Voting members of the Nashville Presbytery, comprising pastors, teaching elders and ruling elders from local churches, held a special meeting solely to review Sauls' case. The PCA's official magazine, byFaith, announced the result of the disciplinary action on Twitter Monday.
“On Friday, May 12, Nashville Presbytery met and voted to indefinitely suspend Scott Sauls from ministry,” it said. “The presbytery also appointed a committee for Scott's care and shepherding and sent a letter to Christ Presbyterian Church notifying the church of its actions.”
During the deliberations, voting members considered various disciplinary options outlined in the PCA Book of Church Order, ranging from less severe to more severe: suspension, deposition and excommunication, according to a report from The Tennessean.
On Twitter, the Nashville Presbytery emphasized that Sauls had not engaged in “alcohol or substance abuse, theft, violence, broken marriage vows, or anything related to pornography or sexual sin.”
Although Sauls remains the senior pastor at Christ Presbyterian, the indefinite suspension imposed by the Nashville Presbytery prevents him from assuming any ministry-related responsibilities until further decisions are made. Additionally, the previous church-level decision to place Sauls on indefinite leave remains in effect.
As previously reported by The Christian Post, Sauls was placed on an indefinite leave of absence from his position as pastor of the church following an investigation into his conduct as a leader by Christ Presbyterian and the Nashville Presbytery.
The investigation was initiated after a group of former church staff members sent a letter raising concerns about the pastor’s behavior.
In a video confession to his congregation on May 7, Sauls admitted to his involvement in creating an unhealthy and, at times, abusive environment.
“I verbalized insensitive and hurtful criticism of others’ work.

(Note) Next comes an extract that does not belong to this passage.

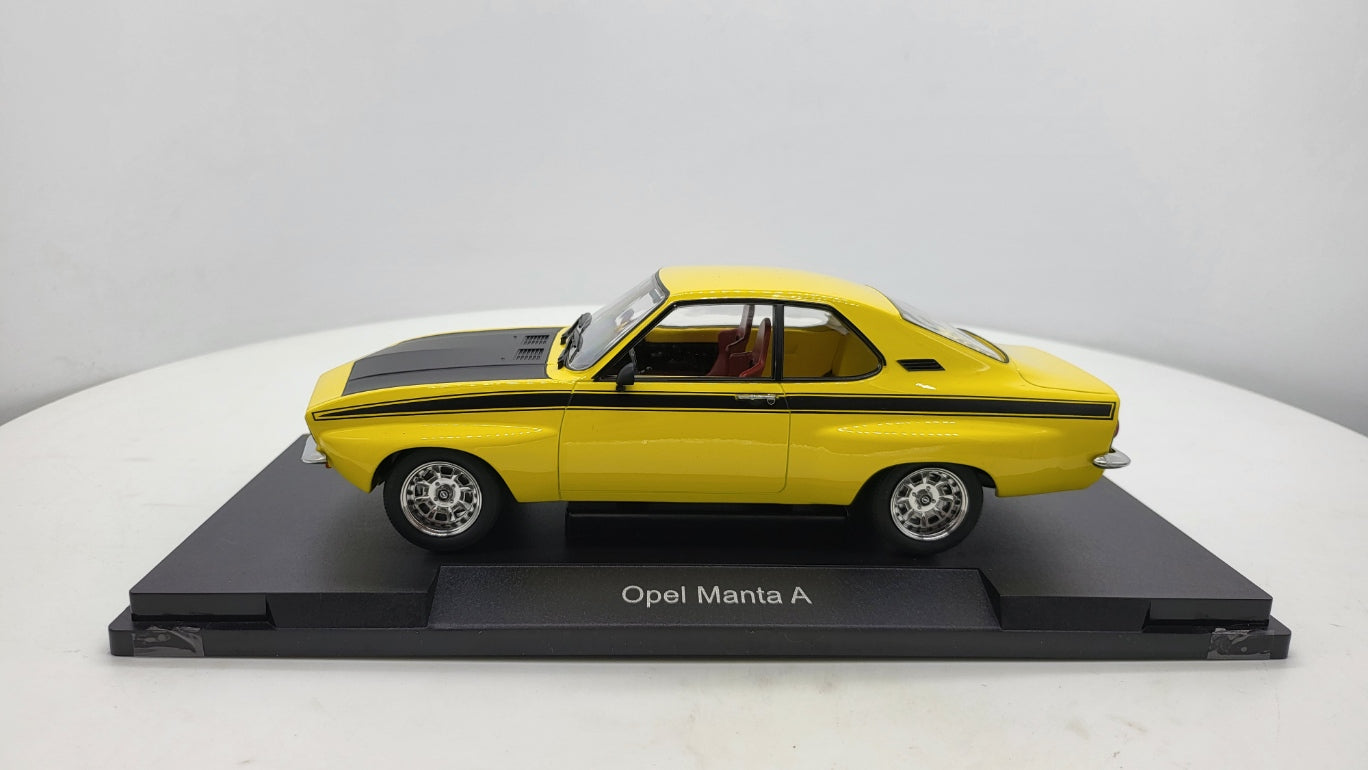 MCG: Opel Manta A Irmscher Geel/Zwart (1974) - Schaal 1:18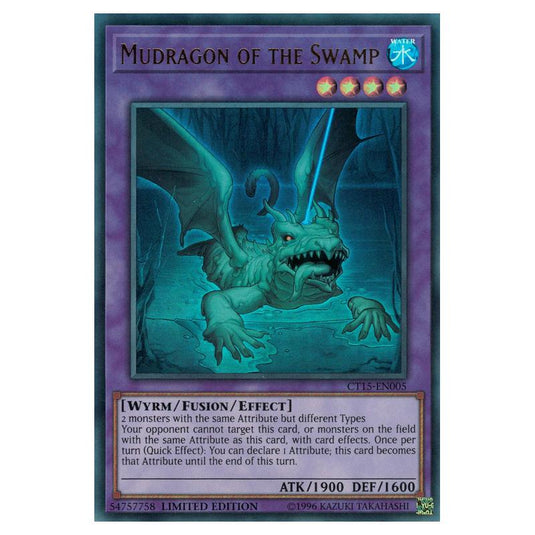 Yu-Gi-Oh! - 2018 Mega-Tins - Mudragon of the Swamp (Ultra Rare) CT15-EN005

I’ve used social media and the pulpit to quiet dissenting viewpoints,” Sauls said. “I’ve manipulated facts to support paths that I desire.”
Sauls previously served as the lead and preaching pastor at Redeemer Presbyterian Church in New York City alongside Pastor Tim Keller. He has also planted and pastored churches in Kansas City and St. Louis.
Situated just outside Belle Meade, Christ Presbyterian also operates a K-12 school, Christ Presbyterian Academy, and two satellite campuses.
In addition to his role as a pastor, Sauls has also authored six books, many of them touching on topics including joy, shame, anxiety and depression.
In a 2018 interview with CP, Sauls stressed the importance of pastors having accountability and warned that church leaders often become more susceptible to isolation and moral failure as their ministry grows.
"The bigger your church becomes, you begin to have more fans and admirers than you do actual friends," he said. "It's really important to be surrounded by people who are close enough to you, that they can express concern with you and your character and help steer you toward Christ. Pastors need to welcome this kind of friendship, community, and accountability."